(Beginning of Material for this task)

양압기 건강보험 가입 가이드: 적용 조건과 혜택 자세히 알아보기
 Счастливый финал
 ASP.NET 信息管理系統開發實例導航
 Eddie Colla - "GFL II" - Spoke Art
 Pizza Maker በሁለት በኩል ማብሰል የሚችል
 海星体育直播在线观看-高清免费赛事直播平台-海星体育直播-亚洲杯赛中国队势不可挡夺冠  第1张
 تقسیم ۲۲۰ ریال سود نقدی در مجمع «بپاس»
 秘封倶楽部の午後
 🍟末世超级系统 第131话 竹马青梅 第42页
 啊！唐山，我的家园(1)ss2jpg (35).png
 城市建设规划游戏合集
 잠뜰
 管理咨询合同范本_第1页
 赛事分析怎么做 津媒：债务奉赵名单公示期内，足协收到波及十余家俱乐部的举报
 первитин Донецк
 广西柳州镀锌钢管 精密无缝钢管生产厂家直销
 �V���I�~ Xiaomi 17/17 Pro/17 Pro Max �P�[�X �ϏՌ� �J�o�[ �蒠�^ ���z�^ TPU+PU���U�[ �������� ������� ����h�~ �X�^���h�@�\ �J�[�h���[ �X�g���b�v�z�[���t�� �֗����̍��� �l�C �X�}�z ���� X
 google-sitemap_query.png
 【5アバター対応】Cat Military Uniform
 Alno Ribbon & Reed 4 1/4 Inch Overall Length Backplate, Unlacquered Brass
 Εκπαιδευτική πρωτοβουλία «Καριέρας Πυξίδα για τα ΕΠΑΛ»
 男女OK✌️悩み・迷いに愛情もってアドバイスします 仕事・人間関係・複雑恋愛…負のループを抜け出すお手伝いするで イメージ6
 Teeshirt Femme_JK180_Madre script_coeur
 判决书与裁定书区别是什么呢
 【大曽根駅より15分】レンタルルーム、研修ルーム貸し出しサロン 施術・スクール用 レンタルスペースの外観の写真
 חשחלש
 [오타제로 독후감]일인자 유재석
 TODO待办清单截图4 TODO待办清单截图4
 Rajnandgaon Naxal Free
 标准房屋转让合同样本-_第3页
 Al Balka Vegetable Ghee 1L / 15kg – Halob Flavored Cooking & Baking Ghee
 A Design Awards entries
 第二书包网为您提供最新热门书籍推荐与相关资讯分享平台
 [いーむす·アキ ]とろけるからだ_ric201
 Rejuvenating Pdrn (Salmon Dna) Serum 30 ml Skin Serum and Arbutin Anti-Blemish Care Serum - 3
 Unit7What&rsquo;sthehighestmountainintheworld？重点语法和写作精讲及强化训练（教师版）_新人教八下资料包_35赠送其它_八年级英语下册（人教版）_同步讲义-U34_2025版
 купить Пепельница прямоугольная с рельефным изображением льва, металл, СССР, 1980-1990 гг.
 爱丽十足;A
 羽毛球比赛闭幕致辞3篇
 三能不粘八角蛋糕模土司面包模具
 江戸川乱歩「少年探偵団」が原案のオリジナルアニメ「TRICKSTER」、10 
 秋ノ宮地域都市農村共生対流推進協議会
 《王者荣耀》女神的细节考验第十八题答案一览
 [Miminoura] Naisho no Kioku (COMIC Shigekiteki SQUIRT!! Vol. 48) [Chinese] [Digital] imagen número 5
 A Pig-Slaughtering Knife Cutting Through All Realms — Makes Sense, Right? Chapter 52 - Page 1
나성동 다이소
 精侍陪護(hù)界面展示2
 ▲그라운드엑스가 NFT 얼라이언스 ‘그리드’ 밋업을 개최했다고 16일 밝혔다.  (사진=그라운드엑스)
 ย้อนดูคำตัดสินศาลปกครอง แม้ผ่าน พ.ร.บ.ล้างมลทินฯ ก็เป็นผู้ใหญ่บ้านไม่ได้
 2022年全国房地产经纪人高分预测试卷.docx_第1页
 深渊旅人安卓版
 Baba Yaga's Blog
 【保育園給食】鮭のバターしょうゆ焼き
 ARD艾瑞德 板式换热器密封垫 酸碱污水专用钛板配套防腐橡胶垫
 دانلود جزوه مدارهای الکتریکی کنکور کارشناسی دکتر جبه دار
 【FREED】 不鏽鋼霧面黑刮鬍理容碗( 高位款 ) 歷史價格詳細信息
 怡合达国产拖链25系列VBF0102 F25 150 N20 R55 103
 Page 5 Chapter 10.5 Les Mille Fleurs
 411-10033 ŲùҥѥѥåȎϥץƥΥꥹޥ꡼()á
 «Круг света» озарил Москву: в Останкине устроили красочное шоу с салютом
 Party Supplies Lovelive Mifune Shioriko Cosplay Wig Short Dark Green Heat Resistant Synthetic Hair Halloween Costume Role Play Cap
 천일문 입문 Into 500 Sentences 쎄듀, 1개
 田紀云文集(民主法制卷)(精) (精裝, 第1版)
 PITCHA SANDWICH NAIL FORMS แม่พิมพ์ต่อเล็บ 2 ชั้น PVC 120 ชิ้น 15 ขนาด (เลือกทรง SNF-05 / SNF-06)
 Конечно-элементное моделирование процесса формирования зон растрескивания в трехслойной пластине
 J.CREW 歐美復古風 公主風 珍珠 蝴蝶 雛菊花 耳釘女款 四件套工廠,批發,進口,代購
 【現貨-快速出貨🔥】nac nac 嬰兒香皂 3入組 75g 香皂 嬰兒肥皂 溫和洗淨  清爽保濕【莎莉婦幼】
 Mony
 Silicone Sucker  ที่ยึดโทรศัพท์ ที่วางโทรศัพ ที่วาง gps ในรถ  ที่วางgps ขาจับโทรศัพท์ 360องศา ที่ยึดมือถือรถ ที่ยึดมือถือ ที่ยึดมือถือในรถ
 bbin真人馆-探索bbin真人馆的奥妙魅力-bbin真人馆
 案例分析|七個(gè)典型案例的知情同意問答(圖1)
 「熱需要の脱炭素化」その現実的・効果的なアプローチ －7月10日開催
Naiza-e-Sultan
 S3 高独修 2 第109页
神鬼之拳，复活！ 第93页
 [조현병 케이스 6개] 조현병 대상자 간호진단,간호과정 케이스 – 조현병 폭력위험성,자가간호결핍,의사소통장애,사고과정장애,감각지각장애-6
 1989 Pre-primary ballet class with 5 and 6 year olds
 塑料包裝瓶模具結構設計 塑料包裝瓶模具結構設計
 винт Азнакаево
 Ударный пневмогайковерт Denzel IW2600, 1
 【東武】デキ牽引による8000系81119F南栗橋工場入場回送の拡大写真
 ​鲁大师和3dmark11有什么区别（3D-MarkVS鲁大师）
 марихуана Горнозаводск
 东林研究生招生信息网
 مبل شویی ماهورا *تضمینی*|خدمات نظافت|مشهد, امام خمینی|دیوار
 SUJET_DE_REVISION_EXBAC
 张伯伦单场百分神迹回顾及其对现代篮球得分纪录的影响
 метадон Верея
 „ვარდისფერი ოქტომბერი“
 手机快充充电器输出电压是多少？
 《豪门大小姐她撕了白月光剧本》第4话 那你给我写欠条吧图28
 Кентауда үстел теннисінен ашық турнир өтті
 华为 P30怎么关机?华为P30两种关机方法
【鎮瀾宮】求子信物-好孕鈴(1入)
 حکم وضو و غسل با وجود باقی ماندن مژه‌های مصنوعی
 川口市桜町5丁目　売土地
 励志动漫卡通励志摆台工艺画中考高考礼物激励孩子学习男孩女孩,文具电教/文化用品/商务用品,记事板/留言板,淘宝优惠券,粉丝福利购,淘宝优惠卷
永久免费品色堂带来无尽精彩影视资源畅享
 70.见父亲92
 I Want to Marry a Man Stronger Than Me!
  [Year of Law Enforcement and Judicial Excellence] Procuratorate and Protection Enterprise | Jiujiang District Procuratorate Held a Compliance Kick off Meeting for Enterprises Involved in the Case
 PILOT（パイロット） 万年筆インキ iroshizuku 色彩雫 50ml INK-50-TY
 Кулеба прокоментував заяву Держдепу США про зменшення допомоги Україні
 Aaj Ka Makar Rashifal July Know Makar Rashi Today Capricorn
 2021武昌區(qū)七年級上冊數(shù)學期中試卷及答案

(End of Material for this task)

### Task objective
Using the records above, copy word for word the line with "川口市桜町5丁目　売土地", the line with "PILOT（パイロット） 万年筆インキ iroshizuku", and every line between them.

### Solution for this exercise
 川口市桜町5丁目　売土地
 励志动漫卡通励志摆台工艺画中考高考礼物激励孩子学习男孩女孩,文具电教/文化用品/商务用品,记事板/留言板,淘宝优惠券,粉丝福利购,淘宝优惠卷
永久免费品色堂带来无尽精彩影视资源畅享
 70.见父亲92
 I Want to Marry a Man Stronger Than Me!
  [Year of Law Enforcement and Judicial Excellence] Procuratorate and Protection Enterprise | Jiujiang District Procuratorate Held a Compliance Kick off Meeting for Enterprises Involved in the Case
 PILOT（パイロット） 万年筆インキ iroshizuku 色彩雫 50ml INK-50-TY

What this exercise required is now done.